I really wanted to love this story.  It starts out strong and when Mickey starts telling his story of his first love, you think, “Yes, now it’s getting good.”  It’s just that the story seems to fall flat and you figure out how his story ends so that when it comes, it is almost anti-climatic. 

3 stars (Rated PG-13 for some mild sex scenes)

Monday, June 4, 2012

The Lost Wife by Alyson Richman

Josef and Lenka meet and fall in love in Prague in the early days of WWII.  They quickly marry so Lenka can be added to Josef’s family in order to immigrate to the United States.  When the time comes to leave Lenka makes an agonizing decision not to go. 

The ship Josef’s family is on is hit by a torpedo and Lenka’s sees the list of those lost in the newspaper that mistakenly lists Josef’s entire family when Josef is alive and makes it to the United States. 
 
Lenka goes with her family to a Nazi ghetto of Terezin and eventually to Auschwitz.  After the war she is listed among those believed dead. 

The following is not a spoiler as it is told in the very first pages of the book.  They meet again at the marriage of Josef’s grandson and Lenka’s granddaughter.  The story of the book is the voyage both of their lives take in believing that their ‘one true love’ is dead.

The part of the book concerning the Holocaust was fascinating to me as it told stories I had not heard before.
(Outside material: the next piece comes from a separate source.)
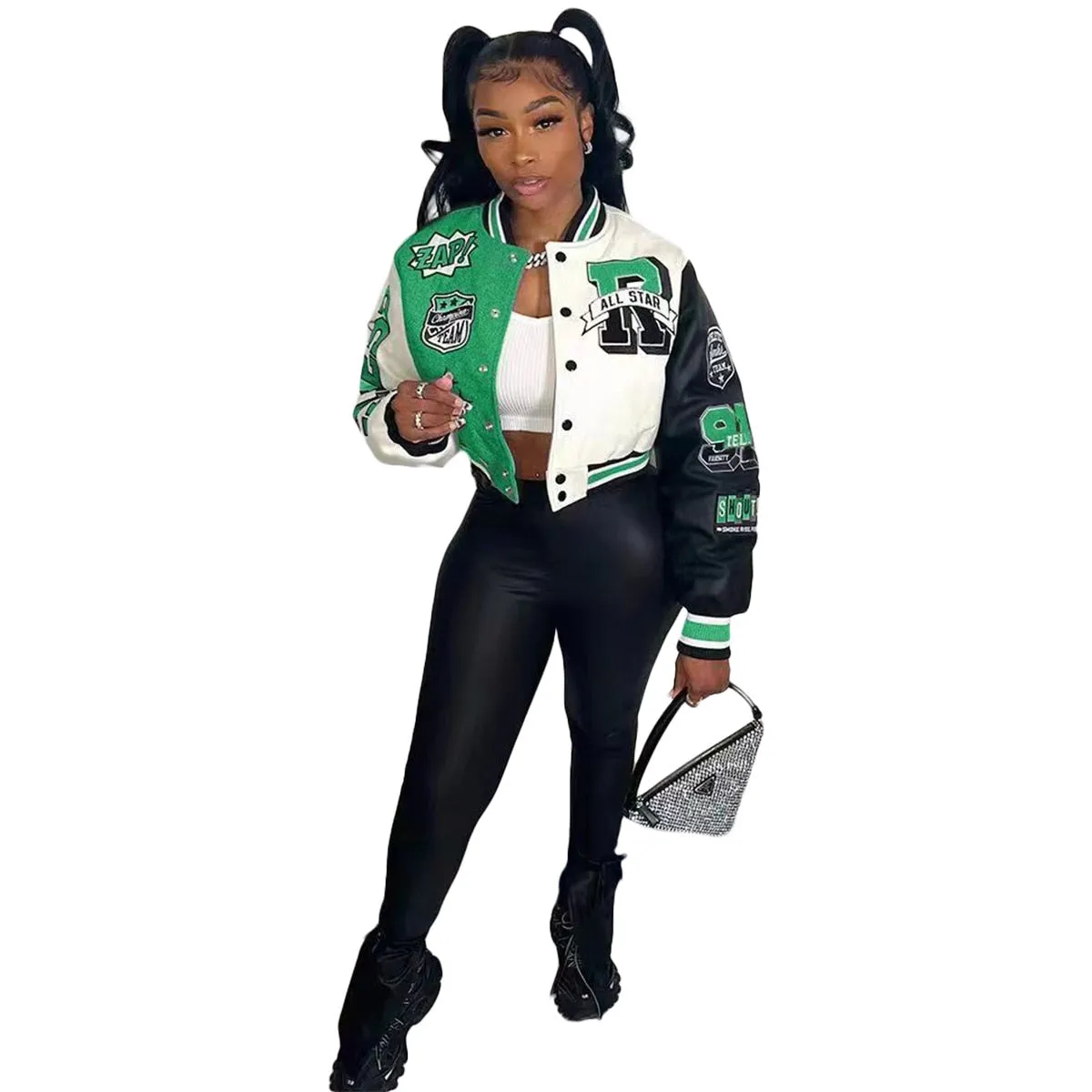 Varsity Short Jackets  Single Breasted Coat Cropped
Lenka is an artist and she actually works as an artist in the camps.

I loved this book! I will admit that I am a fan of anything concerning the Jewish people; this book captured me and took me along with it.  I devoured the book.

5 stars (Rated PG-13 for mild sex talk and Holocaust horrors)

The Bride's House Sandra Dallas

Another winner by Ms. Dallas!  This was a little different than her usual as it spans three generations of women from the same family.  Nealie  Bent is a young girl who ran away from her mean, abusive father and ends up working in a boardinghouse in the mining town of  Greenwood, Colorado.  She attracts two very different men.  Will Spaulding, the rich, well-bred young man whose grandfather owns the mine and Charlie Dumas, a coarse, large, lumbering miner.  On her dates with Will, they watch the building of a large, beautiful home being built.  Nealie decides it is so exquisite it can only be for a bride, thus the name of “The Brides House”.  Nealie dreams of living in the house with Will, but life doesn’t always go as planned.

For Pearl, living in the Brides House is akin to living in a mausoleum, as her father had made it into a shrine to the woman he loved, not allowing and changes to the house or their lives.  When the enterprising Frank Curry comes into her life and asks for her hand in marriage, her father sabotages the union. 

Susan is the latest in the line of strong, willful women.  Will the secrets buried in the Brides House help her or keep her from the man that she loves.

It’s a gripping story.  A blurb on the front of the book states, “Putting down a Sandra Dallas novel is nearly impossible.”  I totally agree. I stayed up way too late at night reading this book.  The only complaint I have is that the first section about Nealie ended too soon, but then again, maybe that was on purpose…..hmmm??